Four years ago my nephew Landon (age 17) made a foolish, youthful mistake and died from an accidental perscription drug overdose. Unfortunately this is a bad example of his love of adventure and risk taking. He was a bright, funny, loving kid that always had a mischievous smile and music on his mind. I love and miss him with all my heart.
I don't have kids but often think "if I lost a child, I'd be huddled in the corner with a broken heart forever". I know the pain, sadness, grief I felt/feel as an aunt and cannot even fathom what my sister, brother-in-law and nephew felt/feel. However, over the past years I have seen miraculous things grow from this drastic tragedy. I have learned lesson after lesson and I'd like to share just a few:
- It's ok to ask for help. It is a sign of strength not weakness. I was always one to think "I should be able to do 'this' alone. If I ask for help people will know I don't 'know it all''. I saw Sister (here on out when I refer to Sister I mean my sister, brother-in-law and nephew) seek out help from a wonderful grief psychotherapist who guided them down the path of healing. Because of the courage and strength I saw them model, I now ask for and welcome help. There is no shame and it is really a smart thing to do.

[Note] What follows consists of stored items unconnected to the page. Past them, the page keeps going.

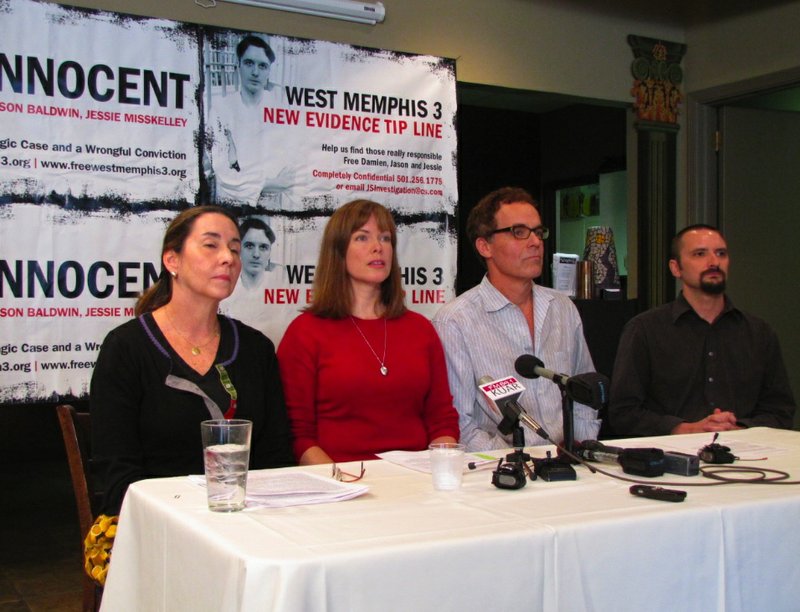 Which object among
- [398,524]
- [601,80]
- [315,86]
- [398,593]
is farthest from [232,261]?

- Let people do for you. This piggybacks on the "ok to ask for help". After Landon died I saw people come from all parts of Sister's life to contribute everything from love/hugs to toilet paper to full meals. Family, friends, acquaintances, co-workers, scouts, strangers, neighbors all rallied around in support of the family. They were a little uncomfortable at first to accept but they opened their broken hearts and allowed people to provide. It reminds of the sponsor/sponsee relationships in 12 step programs. Giving "help" is just as much for the sponsor as it is for the sponsee--both benefit. Although it puts me a bit out of my comfort zone, I now allow people to "do for me" because what I saw Sister model.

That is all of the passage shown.